Vous déplorez également les agissements de certains militants…


Oui. J’ai le triste sentiment que certains militants passent leurs temps à scruter les autres militants, à distribuer les bons et les mauvais points. Savoir si on est assez radical ou non, si on est assez présent sur le terrain ou non ! Allant parfois jusqu’aux procès d’intention, à user de la calomnie.


Il arrive même parfois que des militants se mêlent de la vie privée des autres de manière indécente. C’est beaucoup d’énergie gaspillée pour rien alors qu’il y a des choses très graves qui se passent dans notre pays.


Certains militants oublient parfois que les personnes qui s’engagent et qu’ils harcèlent sur les réseaux sociaux peuvent avoir d’autres problèmes à gérer dans leur vie personnelle.


Tous ces désagréments, on peut les éviter, car l’outil de la CNV est à notre portée. Sans en attendre de miracle, on peut en faire usage pour apprendre à vraiment écouter, prendre du recul, ne pas s’énerver à la moindre remarque désobligeante.  


Dans certains cas, on peut gagner en pouvoir grâce à la CNV. Je ne suis d’ailleurs pas la première à soulever cette question : les questions de santé mentale et « d’empowerment » sont intimement liées, et émergent souvent dans des ateliers militants; comme ceux proposées par des organisations féministes antiracistes comme Lallab ou Nta Rajel. 


Vous dressez un portrait assez sombre du militantisme. Y a-t-il des raisons d’espérer ? 


Oui, et heureusement ! Le militantisme n’est pas pur et ne le sera jamais. Sans tomber dans le fatalisme, il faut apprendre à l’accepter. Ce n’est que comme ça qu’on peut le rendre efficace.
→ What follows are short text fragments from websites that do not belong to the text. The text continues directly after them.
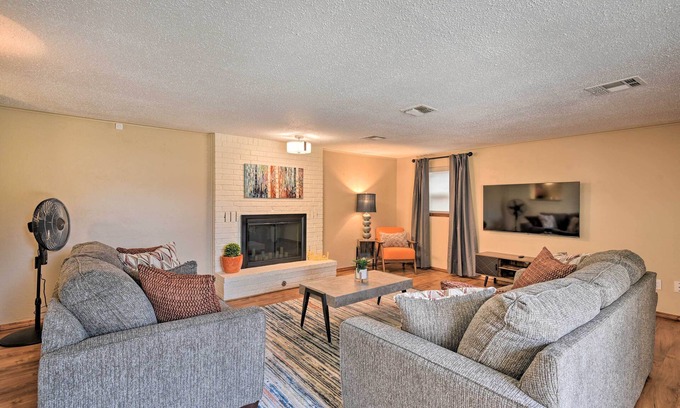 Del City House | Del City Home ~ 1 Mi to Tinker Air Force Base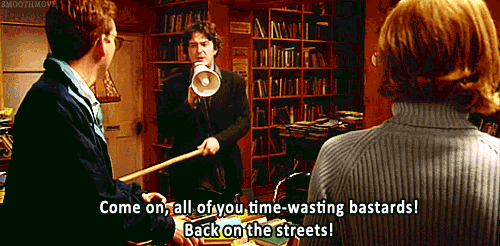 这家亏损的独立书店里,有一位讨人厌的老板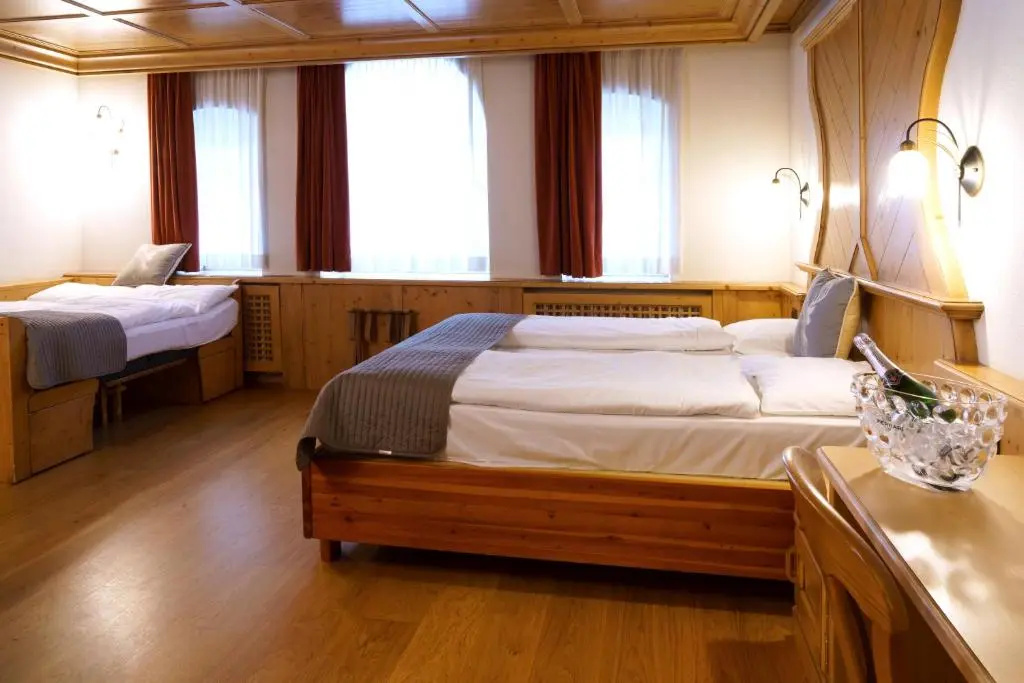 Classic Quadruple room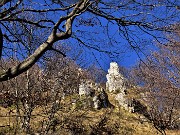 76 Guglia baciata dal sole meridiano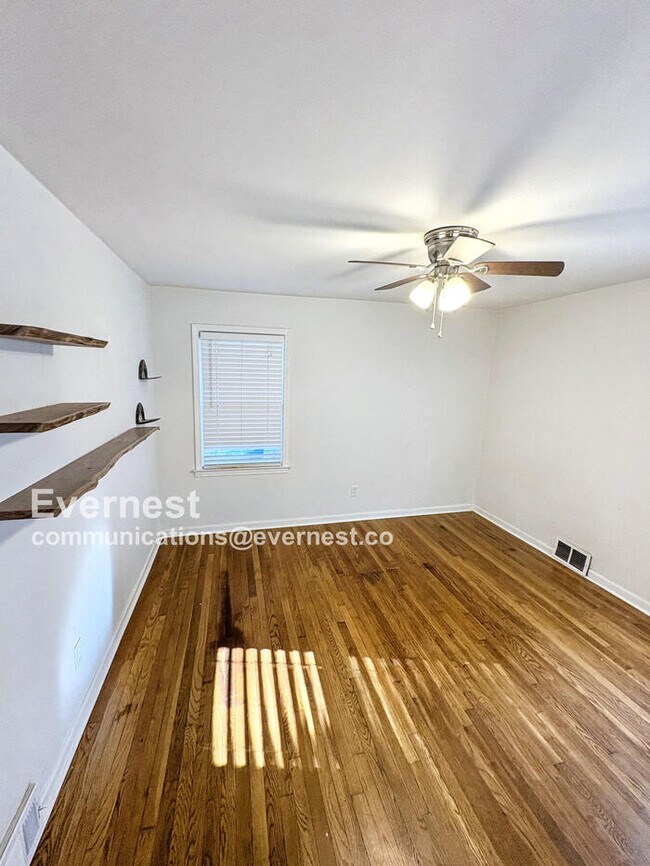 Building Photo - 2722 Harrington Dr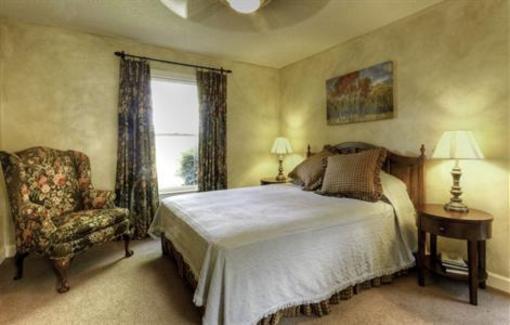 фото отеля Church Point Manor Bed and Breakfast
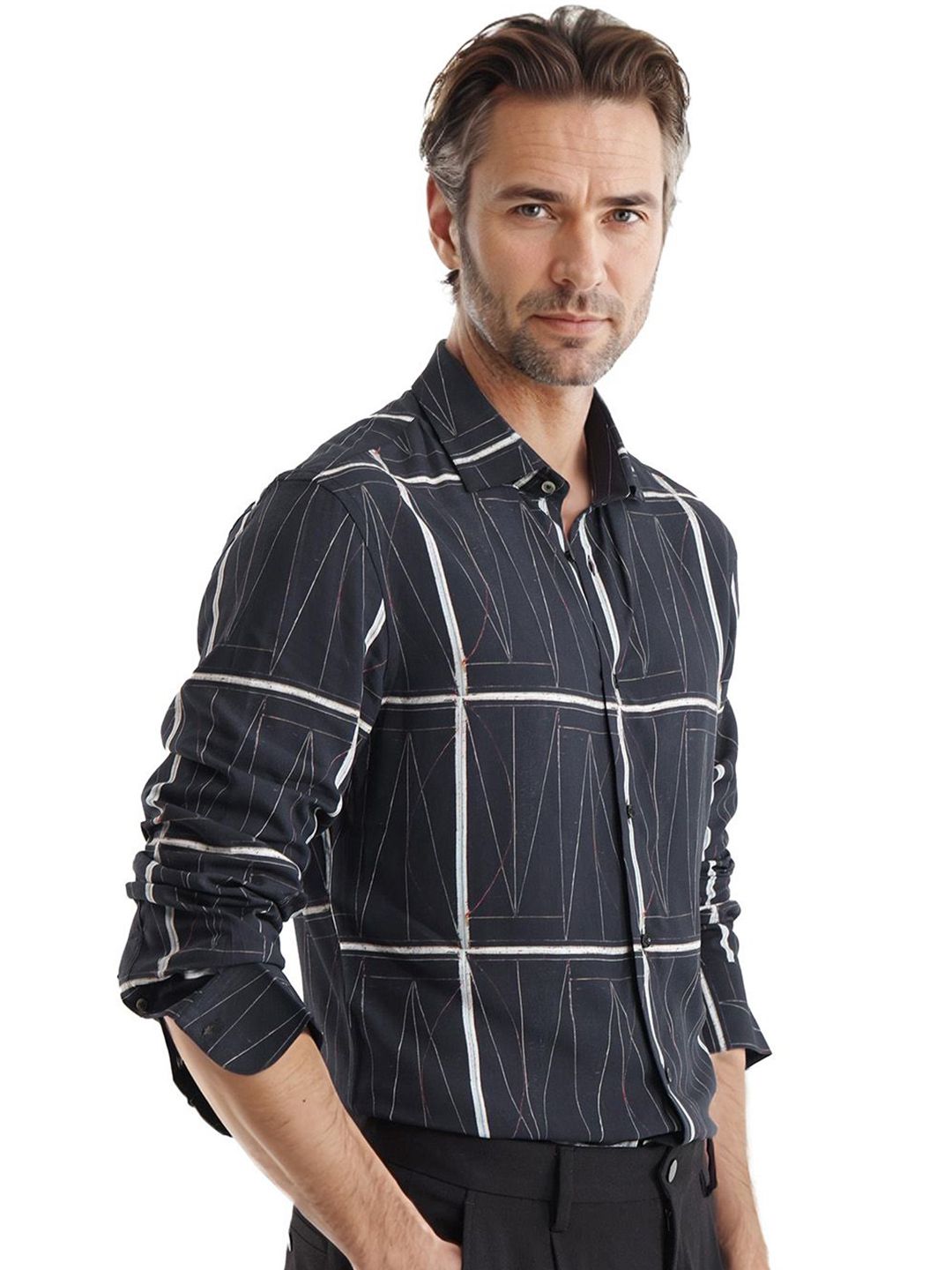 RARE RABBIT Men Comfort Spread Collar Checked Casual Shirt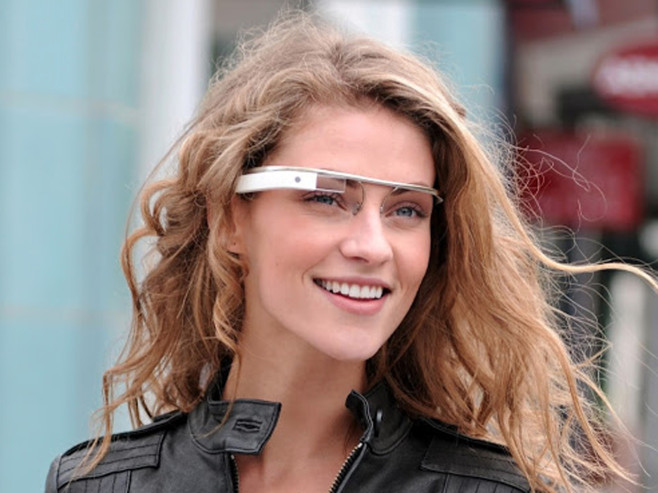 金髮美女佩戴 Google Glass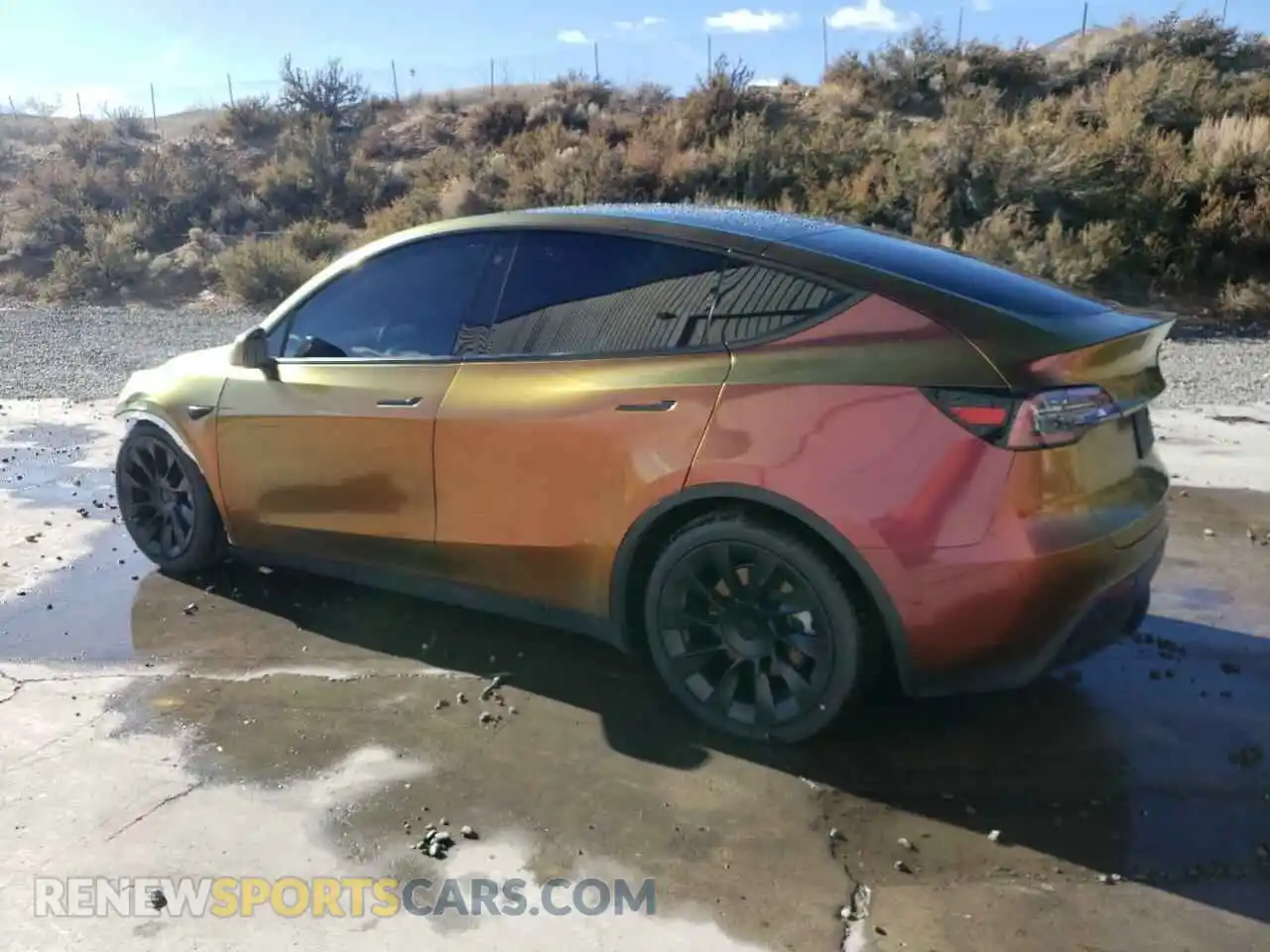 2 Photograph of a damaged car 5YJYGAEE3MF254821 TESLA MODEL Y 2021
Me renseigner sur la CNV m’a appris à relativiser, et surtout à ne pas diaboliser les autres militants : il n’y a pas de bons ou mauvais militants, il n’y a que des comportements toxiques, dont personne n’est exempt, mais dont tout le monde peut se débarrasser, moi la première !


Et d’ailleurs, si j’ai eu l’idée de travailler sur cette problématique, c’est parce que je suis moi-même entourée de militants tous plus inspirants les uns que les autres. Faire l’inventaire de tout ce qui ne va pas ne m’empêche pas d’apprécier ce qui existe déjà ; je pense même que c’est en aimant sincèrement le militantisme qu’on peut l’améliorer !


On ne peut pas espérer des autres qu’ils changent si nous-mêmes, on ne cherche pas à s’améliorer. Par contre, on peut s’attendre à de belles surprises si on commence à travailler sur soi.